Your task is to repeat the lines below exactly, excluding any pictures they contain.

Data shown →
▬▬▬
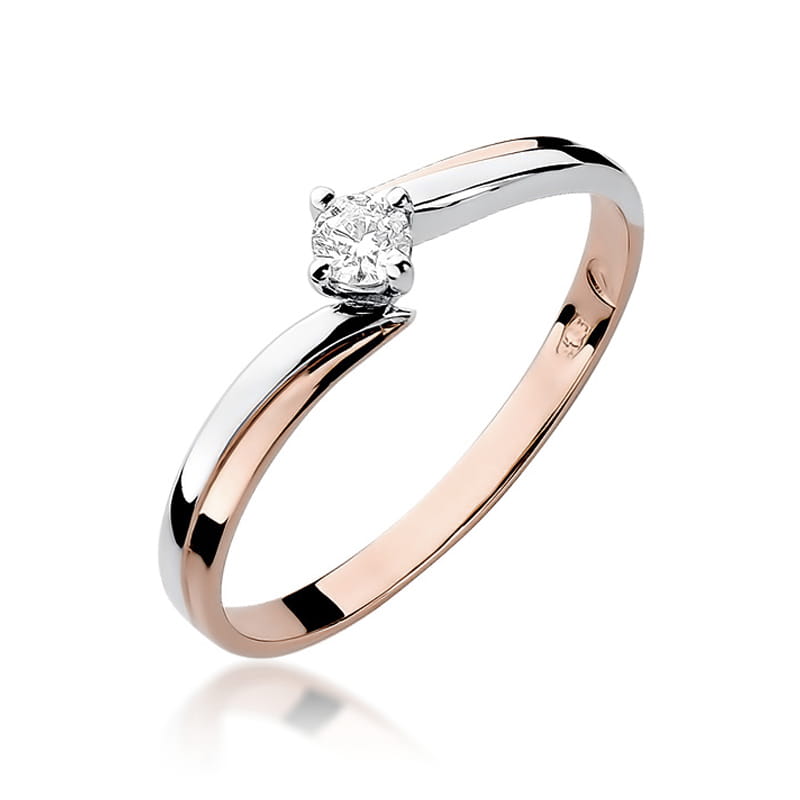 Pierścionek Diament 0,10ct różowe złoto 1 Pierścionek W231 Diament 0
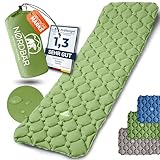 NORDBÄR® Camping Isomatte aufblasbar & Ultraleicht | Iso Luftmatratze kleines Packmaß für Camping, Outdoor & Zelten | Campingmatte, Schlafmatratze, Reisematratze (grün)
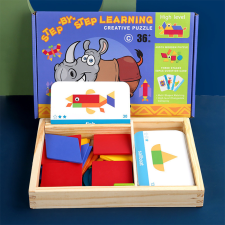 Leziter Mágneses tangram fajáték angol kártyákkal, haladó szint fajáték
▬▬▬
Written response →
 Pierścionek Diament 0,10ct różowe złoto 1 Pierścionek W231 Diament 0
 NORDBÄR® Camping Isomatte aufblasbar & Ultraleicht | Iso Luftmatratze kleines Packmaß für Camping, Outdoor & Zelten | Campingmatte, Schlafmatratze, Reisematratze (grün)
 Leziter Mágneses tangram fajáték angol kártyákkal, haladó szint fajáték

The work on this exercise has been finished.